TGU: How else could it be? The human psyche represents itself by projecting itself into the external world. How else could God appear, but as the human mind and soul experienced him? But it took a long time for people to learn the difference between projection, myth, history, and falsehoods.
So how does that felt dual nature manifest? Do you spend some times recognizing yourselves as divine and other times thinking yourselves only “human,” as if human did not imply divine?
F: I’d say there are about a many answers to that question as there are people.
TGU: True enough, but certain responses can be aggregated, to provide a few types.
F: I don’t feel competent to provide a survey, however.
TGU: No need. The point should be clear. As with everything else in life, responses are going to resemble a bell curve, from total identification with the divine on one end, to total indifference to non-3D qualities on the other, with the overwhelming majority somewhere between.

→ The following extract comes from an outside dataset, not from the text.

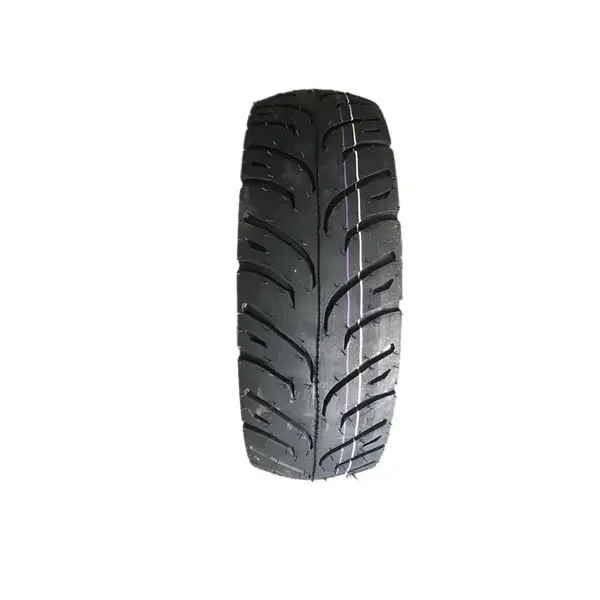 Hot Sale 12 Inch Motorcycle Tire Qingdao 4.00-12 4.50-12 Motorcycle Tires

You asked about sin. This is a long subject, but it will take us a long way toward a deeper understanding, too, so it will not be a waste of time. We can start fresh on that next time, not now.
F: All right. Thanks again.
Not a comment on this specific post, a tangent…The consciousness Unbound link on FB was very timely. I have been feeling the emotional process I am going through resembles some light version of near death experience. Deep emotions of abandonment, that I clean up from debris like blame and guilt and that stuff – just focusing on the clearest possible feeling-state I can endure – has led me to experience/feel both sides of the abandonment issue. Seeing myself in the dance, both the giver and receiver of abandonment, through my personal history. Right now it feels like the energy of emotion is the carrier-wave that enables a cross-resonance that enlivens all of the concept in its fullness to become visible, and then metamorphosis can happen. The duality/polarity concept of abandonment appears to burn and churn in the crucible of my body – and I feel I am changing, becoming different, new. And I say this here because I was asking myself yesterday: is my emphasis on fully feeling, even amplifying emotion leading into sickliness/clinging that is obstructing the movement? In the morning I felt very clearly the emotion work is needed, it is the way to go. To me, it looks like the way to expand the capacity of the heart. To endure psychosis-strength of emotional flood-swells, that clear out the old structures and make space for something different to emerge. Learning to trust what is coming from the inside (or non-3D), just letting it appear, trusting it has a meaning, and that I may need to take time to understand.
In the work of Mario Martinez, he suggests shame, betrayal and abandonment are the core wounds we humans are struggling with. And these are polarity-generators. Often even being the core of mental illness. Which, again, per Jung: it is not what happens but what you make of it that matters…himself having eaten through a psychotic period by creating his Red Book with paintings and wild, wild texts. Not bypassing, not working around, giving support to his body in the worst moments with yoga movements. So, if looking at things through polarity filter is what we are looking at, we have the Goethe template of polarity-metamorphosis-flowering. The working through of sin. Taking all of the scope of the polarity inside me is truly hard work. Yoga Nidra meditation / relaxation technique is using this idea in a very gentle way: introducing ideas of holding hot&cold in mind simultaneously. Doing that in an highly active emotional state is really something. The body really needs to feel completely safe to be able to do this. It is specifically hard on the physical body.
IF you wuuld like to write more about this — as a post, for instance — please feel free.
I will see if I can do something on the weekend. Looking at what I wrote, it is really needing clarification. Thank you for the prompt…
Kristina, your comment feels to me like you’re describing a sense of sin–those events that haunt the body, like abandonment, betrayal, shame–not like a tangent at all. Thank you for sharing that.